Stream: general

Topic: black_box dejavu


gnzlbg (Feb 12 2019 at 22:43, on Zulip):

@rkruppe http://lists.llvm.org/pipermail/llvm-dev/2015-November/091968.html

gnzlbg (Feb 12 2019 at 22:44, on Zulip):

i just found that, not sure if you have seen it

rkruppe (Feb 12 2019 at 22:44, on Zulip):

Oh gods I recognize that name

gnzlbg (Feb 12 2019 at 22:52, on Zulip):

@rkruppe after reading all that, i have some thoughts

gnzlbg (Feb 12 2019 at 22:53, on Zulip):

first, we don't want to say which optimizations black_box inhibits

gnzlbg (Feb 12 2019 at 22:53, on Zulip):

that would tie black_box definition to some optimization pipeline

gnzlbg (Feb 12 2019 at 22:54, on Zulip):

second, it feels like we want black_box to "inhibit optimizations" but while still generating optimized code, this is a problem

gnzlbg (Feb 12 2019 at 22:56, on Zulip):

third, the identity function is not what we want, because we don't want back_box(T) -> T to return the same T that it takes as an argument

gnzlbg (Feb 12 2019 at 22:57, on Zulip):

i think that what we want is for the code around black_box(T) -> T to be optimized as if black_box performs a volatile write of its argument to global memory, and then performs a volatile read of global memory, returning that result

gnzlbg (Feb 12 2019 at 22:57, on Zulip):

at the same time, we don't want any machine code to be generated to perform those reads and writes

gnzlbg (Feb 12 2019 at 22:59, on Zulip):

so that's basically what the asm! macros do

rkruppe (Feb 12 2019 at 23:00, on Zulip):

I am very wary of defining an operation as "pretend it does these operations, but don't actually codegen it that way". For starters, that doesn't indicate what the right semantics are, and the semantics are ultimately what drives development of optimizations (and lots of other stuff!). I also do not know how to implement that other than carrying this operation not just through all of IR but also practically all of the backend. That's a lot of real estate.
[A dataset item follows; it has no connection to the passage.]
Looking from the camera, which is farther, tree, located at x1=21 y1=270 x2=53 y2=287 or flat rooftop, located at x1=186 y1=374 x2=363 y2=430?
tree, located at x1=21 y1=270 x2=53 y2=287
gnzlbg (Feb 12 2019 at 23:02, on Zulip):

right now we implement it with asm! telling LLVM that we read some memory with side-effects, but emitting no instructions within the assembly block, generating no machine code

gnzlbg (Feb 12 2019 at 23:03, on Zulip):

that might well be the right way to implement these semantics in LLVM

rkruppe (Feb 12 2019 at 23:04, on Zulip):

I may be misunderstanding what you're targeting here. Is this wording supposed to go into the user facing docs? Is that supposed to provide any tangible guarantees to users?
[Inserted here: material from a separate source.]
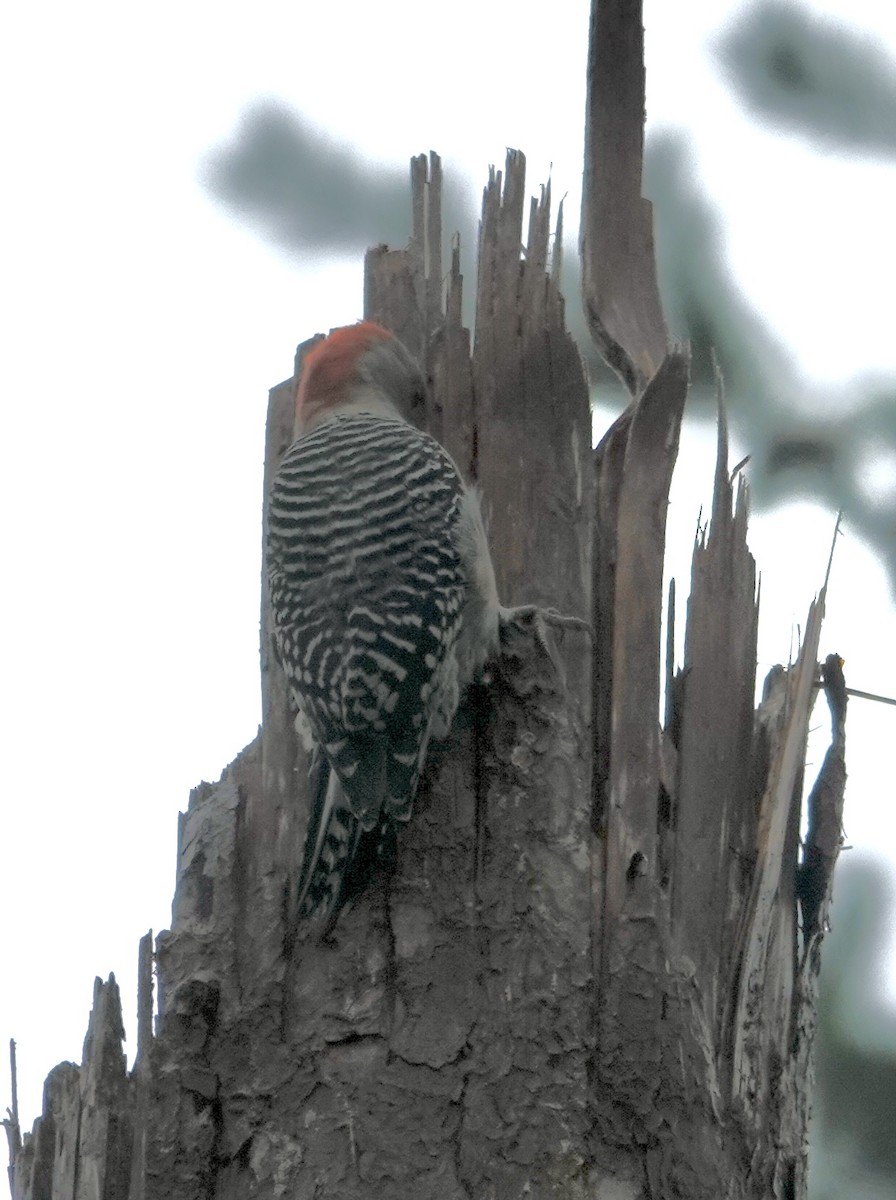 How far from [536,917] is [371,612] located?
82 cm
gnzlbg (Feb 12 2019 at 23:08, on Zulip):

The thing is that the guarantees that we provide to users cannot be used for optimizations

gnzlbg (Feb 12 2019 at 23:09, on Zulip):

To users we want to say black_box returns its argument and has no effects (it is a nop).
To the optimizer we want to say: black_box performs a volatile write of its argument to global memory, and a volatile read of some other value from global memory, and returns that.

gnzlbg (Feb 12 2019 at 23:10, on Zulip):

I don't know how a specification could specify both, they sound incompatible to me.

rkruppe (Feb 12 2019 at 23:12, on Zulip):

It's true that this kind of function is inherently self-contradicting to a degree, but I don't see the actual problem with what is the status quo implementation and in the RFC text right now?

gnzlbg (Feb 12 2019 at 23:12, on Zulip):

The RFC says that black_box is a nop, and that it might inhebit some optimizations as a quality of implementation issue.

rkruppe (Feb 12 2019 at 23:13, on Zulip):

Yes. And in practice we implement it as inline asm, which as you said seems to do something roughly sensible. What more is needed?

gnzlbg (Feb 12 2019 at 23:13, on Zulip):

Remove the quality of implementation.

rkruppe (Feb 12 2019 at 23:14, on Zulip):

I see no remotely reasonable way to do that, for many reasons some of which you stated earlier. Nor do I see any need for that for the benchmarking use case.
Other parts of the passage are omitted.